General elections will be held in South Africa in 2024 to elect a new National Assembly as well as the provincial legislature in each province. These will be the seventh elections held under the conditions of universal adult suffrage since the end of the apartheid era in 1994. The new National Council of Provinces will be elected at the first sitting of each provincial legislature. Ever since the first post-apartheid election in 1994, the African National Congress has held a majority of seats in the National Assembly and thus governed alone, with the exceptions of the Government of National Unity from 1994 to 1999 and from 1999 through to 2004 with the Inkatha Freedom Party.

Electoral system
South Africa has a parliamentary system of government. The President of South Africa is unique among heads of state of countries with a parliamentary system in that the President is also the head of government, with executive functions.

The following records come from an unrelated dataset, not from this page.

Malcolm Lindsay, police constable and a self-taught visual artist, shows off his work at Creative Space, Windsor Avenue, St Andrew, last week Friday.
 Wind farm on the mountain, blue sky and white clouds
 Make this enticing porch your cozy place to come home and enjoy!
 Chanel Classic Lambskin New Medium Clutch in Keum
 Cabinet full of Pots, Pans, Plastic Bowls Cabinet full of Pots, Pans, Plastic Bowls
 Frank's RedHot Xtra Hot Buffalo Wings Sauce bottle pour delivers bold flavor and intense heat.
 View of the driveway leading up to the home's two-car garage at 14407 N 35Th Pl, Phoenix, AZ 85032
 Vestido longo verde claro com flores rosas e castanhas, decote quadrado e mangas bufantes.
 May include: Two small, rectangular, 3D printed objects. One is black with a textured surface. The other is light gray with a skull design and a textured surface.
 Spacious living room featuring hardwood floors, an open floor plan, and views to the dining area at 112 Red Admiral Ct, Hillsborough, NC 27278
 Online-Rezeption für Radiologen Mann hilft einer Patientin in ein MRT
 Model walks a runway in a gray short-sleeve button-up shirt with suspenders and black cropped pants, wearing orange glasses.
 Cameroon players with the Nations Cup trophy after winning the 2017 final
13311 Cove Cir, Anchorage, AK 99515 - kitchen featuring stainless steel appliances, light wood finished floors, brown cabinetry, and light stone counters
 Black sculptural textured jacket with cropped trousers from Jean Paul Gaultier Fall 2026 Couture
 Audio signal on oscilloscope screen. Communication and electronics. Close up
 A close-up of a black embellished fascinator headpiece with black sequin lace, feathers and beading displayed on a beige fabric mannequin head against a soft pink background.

Currently, the National Assembly has 400 members elected by a system of proportional representation with a closed list approach. Two hundred members are elected from national party lists, while the other 200 are elected from provincial party lists in each of the nine provinces. The national list seats are awarded by subtracting seats won at the provincial level from each party's national allocation to generate a maximally proportional result. The Droop quota variant of the largest remainder method is used to allocate seats at both the national and provincial levels.

In June 2020, the Constitutional Court ruled in New Nation Movement NPC v President of the Republic of South Africa that the Electoral Act was unconstitutional to the extent that it did not allow independents to contest national and provincial elections. In February 2021, Home Affairs Minister Aaron Motsoaledi appointed a ministerial advisory committee led by Valli Moosa to recommend a new electoral system. While the committee was divided, a slim majority of members favoured a hybrid system with half of the seats elected in constituencies and the other half elected through party lists.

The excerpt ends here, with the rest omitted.